Log in to My College QuickStart to prepare for the PSAT and SAT, and to help you research colleges and majors.
- Junior year grades are extremely important in the college admission process, because they are a measure of how well you do in advanced, upper-level courses. Grades also are used to determine scholarships and grants for which you may be eligible. So put in the extra effort and keep those grades up!
- Save your best work for your portfolio.
- Maintain your co-curricular record.
- If you will require financial aid, start researching your options for grants, scholarships and work-study programs. Make an appointment with your counselor or start by visiting NACAC's Web Resources for the College-Bound to do research on your own using the Internet.
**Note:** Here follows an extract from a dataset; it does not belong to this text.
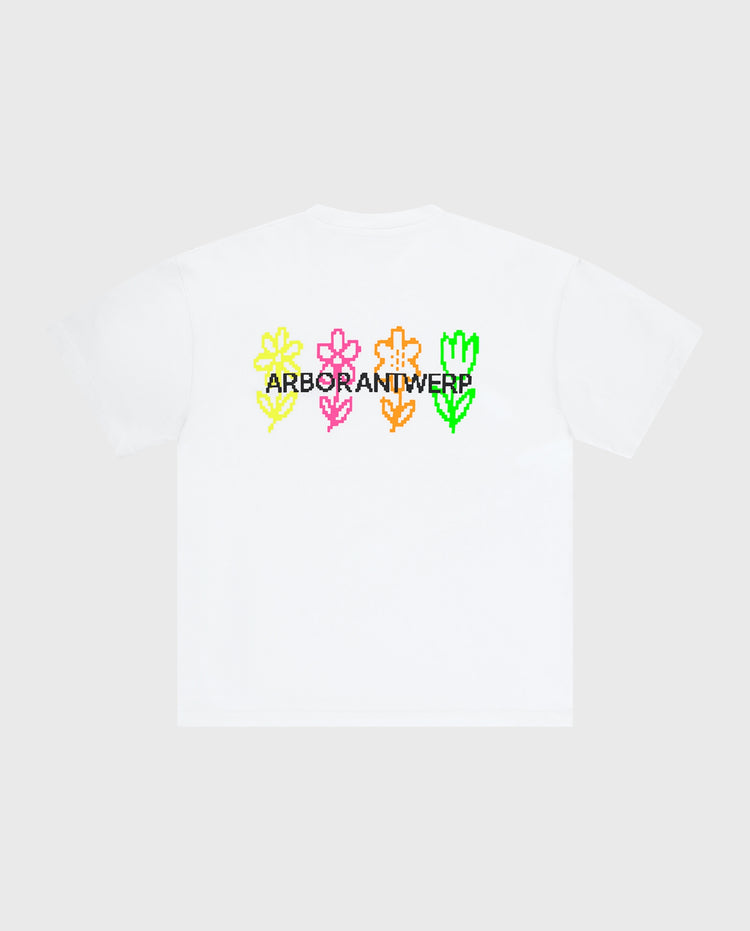 Wit T-shirt met multikleur bloemenprint en tekst op achterkant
- Estimate your financial aid for college by using the FAFSA4Caster
- You will receive the results of your PSAT. The PSAT is excellent preparation for the SAT Reasoning Test, which you will take in the spring.
- Register for the March SAT Reasoning Test or the April ACT with Writing if you are enrolled in Pre- Calculus. If not, plan to take the SAT Reasoning Test in May or the ACT with Writing in June. Register by clicking on the links to the right. For step-by-step instructions, read the How to Register for the SAT guide.
- Register for the June SAT Subject Tests. June of your Junior Year is the best time to take the SAT Subject Tests. You should take 3 subject tests in your strongest subjects. For example, if you speak Spanish, you should definitely take the Spanish Subject Test. If you are planning on taking math, take the Math Level 2. Not all SAT Subject Tests are given on every test date. Check the calendar carefully to determine when the Subject Tests you want are offered.
- Prepare for the SAT Reasoning Test or ACT by signing up for a prep course at the library, using the College Board's SAT Preparation Center , or by doing the SAT/ACT practice tests available in the counseling office, bookstores or the library. But don't spend so much time trying to improve standardized test scores that grades and co-curricular involvement suffer.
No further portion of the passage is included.